Lent is not about giving up chocolate. It is about reconciliation-- restoring relationships. Our relationship with God, our relationships with one another.

·         We can repent of our demonization of others.

·         We can have a meaningful one-on-one conversation with someone we’ve been avoiding.

·         We can seek forgiveness from someone we’ve wronged.

·         Most of all, I hope we can grow in our awareness that, within Christian community, it is always more important to be loving than it is to be right. 


Now, some might be quick to tell me that people in Baltimore don’t do that. Or people who grew up in your family don’t do that. But I will be quick to say that how we were raised, or where we’re from, or the way we’ve always done it is completely irrelevant. As followers of Jesus, reconciliation is exactly what we do.

To help with the process, next Saturday morning at 10, we’re offering an opportunity. We’re going to have a time for listening and understanding.

Our time will be structured. There will be guidelines. You will have the opportunity to say as little or as much as you feel moved to say. The purpose of our time together will not be to argue or to convince others that we’re right and they’re wrong. The purpose is reconciliation.
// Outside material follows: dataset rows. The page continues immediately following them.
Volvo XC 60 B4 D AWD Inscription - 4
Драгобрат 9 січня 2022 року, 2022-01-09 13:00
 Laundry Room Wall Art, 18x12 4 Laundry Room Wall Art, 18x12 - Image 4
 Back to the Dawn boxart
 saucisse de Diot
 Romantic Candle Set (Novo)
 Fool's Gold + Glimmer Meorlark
It is to a time to listen and to understand. We will never agree about everything. But you don’t have to agree with someone to understand where they’re coming from. You don’t have to agree with someone to love them. 

We can faithfully live out the life Jesus is calling us to embody, and strengthen our community for the sake of the work Christ calls us to be about in the world. It’s the only faithful way to remove the elephant from our worship space so we can get our baptismal font back.